Очень подкупало, что в нем не было ничего специфически актерского. Никакого налета театральности и интонаций, заимствованных у сцены, что всегда так отличало русского актера и так нравилось людям дурного вкуса.
…Если у Станиславского где-то в тайниках души и билось желание походить на актера, то это делалось с большим вкусом, он много бывал за границей, мог выбирать образцы среди европейских актеров.
Некоторое кокетство можно было заподозрить в сохранении усов. Они должны были мешать ему как актеру, однообразить его грим, а расстался с ними он очень нескоро, перед ролью Брута в „Юлии Цезаре“. Значит, только в 1903 году мы уговорили его обриться, так как представить себе Брута в усах было уже совершенно невозможно. Но ведь и знаменитый Сальвини всегда носил усы. А кроме того, Станиславский (Алексеев) был одним из директоров фабрики „Алексеевы и К“. Там относились к артистической работе своего содиректора сочувственно до тех пор, пока он не был похож на бритого актера» (В. Немирович-Данченко. Из прошлого).
«В большой его фигуре, величественной и строгой, было поистине что-то подавляющее. В театре ходили легенды о его требовательности, о беспощадном отношении к каждому, кто позволял себе хоть малейшую небрежность, малейшее нарушение дисциплины. С первых дней пребывания в школе мы знали, что Станиславский видел и замечал буквально все. Однажды, здороваясь со мной, он, к моему ужасу, взял мою руку и стал внимательно ее рассматривать.
– Почему у вас такие шершавые руки? – неожиданно спросил он меня.
Я пробормотала что-то невнятное. Не могла же я ему сказать, что шершавые руки считались в нашей гимназии высшим шиком.
– Руки надо беречь, – продолжал Константин Сергеевич. – Рука актера часто может сказать больше, чем целый монолог. А актриса должна особенно заботиться о своих руках. Повидайтесь с Марией Петровной Лилиной, я ее предупрежу, она возьмет вас под свое покровительство.
…Как-то я была вызвана к нему домой. С волнением вошла я в большой зал в квартире Станиславского в Каретном ряду. Зал был холодный, неуютный, по стенам стояли стулья и одиноко возвышалось в кадке какое-то дерево. Впустив меня и притворив дверь, Константин Сергеевич сел в кресло и предложил мне походить по залу. Я с тревогой взглянула на скользкий, хорошо натертый паркет, но набралась храбрости и стала ходить взад и вперед, от смущения стараясь быть как можно развязнее. Наконец Константин Сергеевич остановил меня и сказал:
– Двигаетесь вы хорошо, но излишне махаете руками. И вообще у вас очень уж мальчишеские манеры. Пора вам становиться барышней.

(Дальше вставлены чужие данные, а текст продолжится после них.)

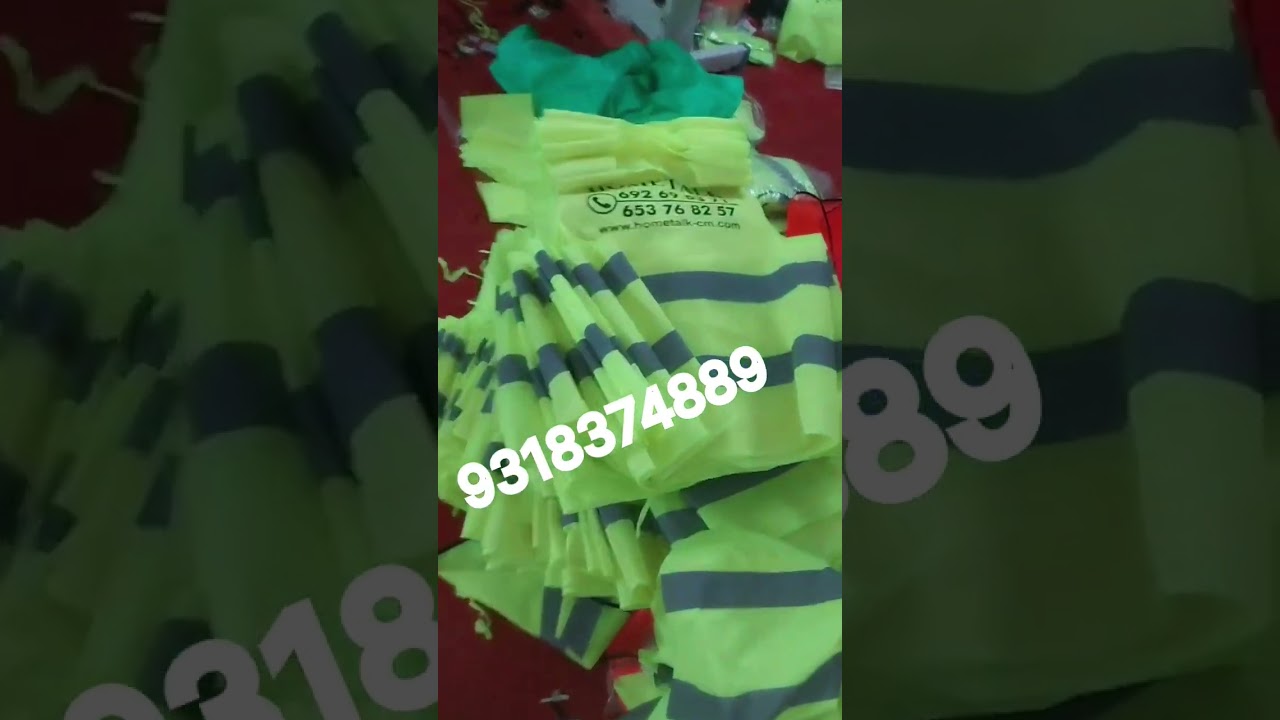 Heckton Safety Pvt Ltd  manufacturing by safety jacket dangri suit security jacket all types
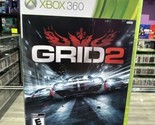 GRID 2 (Microsoft Xbox 360, 2013) CIB Complete Tested! - $14.62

Позднее, когда я стала себя чувствовать со Станиславским более свободно, он часто возвращался к тому, как важно актерам, а особенно актрисам, уметь держать себя на сцене и, как он говорил, „справляться со своими руками“. Этим недостатком, по его мнению, страдала даже Ермолова.
…Семья Станиславского занимала второй этаж большого особняка в Каретном ряду. Парадную дверь всегда открывал старый слуга Алексеевых Василий. Он почему-то напоминал мне Фирса из „Вишневого сада“. Обращался он с Константином Сергеевичем, как с малым ребенком: при выходе из дому обязательно подавал ему галоши, какая бы ни была погода, а выпроваживая в театр, непременно наказывал не давать извозчику больше пятиалтынного. Иногда после занятий я выходила из дому вместе с Константином Сергеевичем, и меня очень смешило то, как послушно выполнял он наказ Василия и покорно торговался с извозчиком. Извозчик обычно плелся следом за ним, уговаривая барина не скупиться, но Константин Сергеевич не уступал, и мы долго шли пешком, пока где-то на полдороге извозчик со вздохом не соглашался: „Ну уж, разве что из уважения“, и открывал полость.